_Exercise brief:_
Retype the data that follows exactly. No pictures belong in the copy.

_Recorded information:_
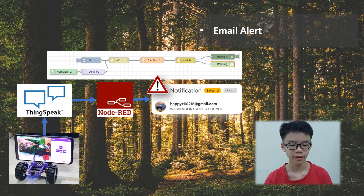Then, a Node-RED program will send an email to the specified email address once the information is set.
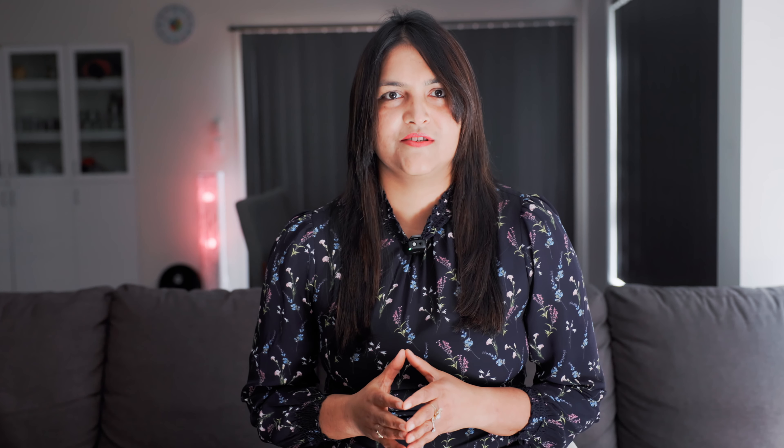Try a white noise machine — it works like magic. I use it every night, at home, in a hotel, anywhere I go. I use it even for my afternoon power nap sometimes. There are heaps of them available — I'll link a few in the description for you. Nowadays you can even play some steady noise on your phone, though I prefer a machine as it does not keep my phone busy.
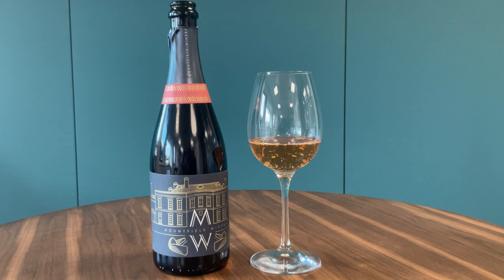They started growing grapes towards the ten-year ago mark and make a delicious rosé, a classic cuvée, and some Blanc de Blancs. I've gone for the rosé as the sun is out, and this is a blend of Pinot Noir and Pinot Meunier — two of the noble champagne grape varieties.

_Task answer:_
Then, a Node-RED program will send an email to the specified email address once the information is set.
Try a white noise machine — it works like magic. I use it every night, at home, in a hotel, anywhere I go. I use it even for my afternoon power nap sometimes. There are heaps of them available — I'll link a few in the description for you. Nowadays you can even play some steady noise on your phone, though I prefer a machine as it does not keep my phone busy.
They started growing grapes towards the ten-year ago mark and make a delicious rosé, a classic cuvée, and some Blanc de Blancs. I've gone for the rosé as the sun is out, and this is a blend of Pinot Noir and Pinot Meunier — two of the noble champagne grape varieties.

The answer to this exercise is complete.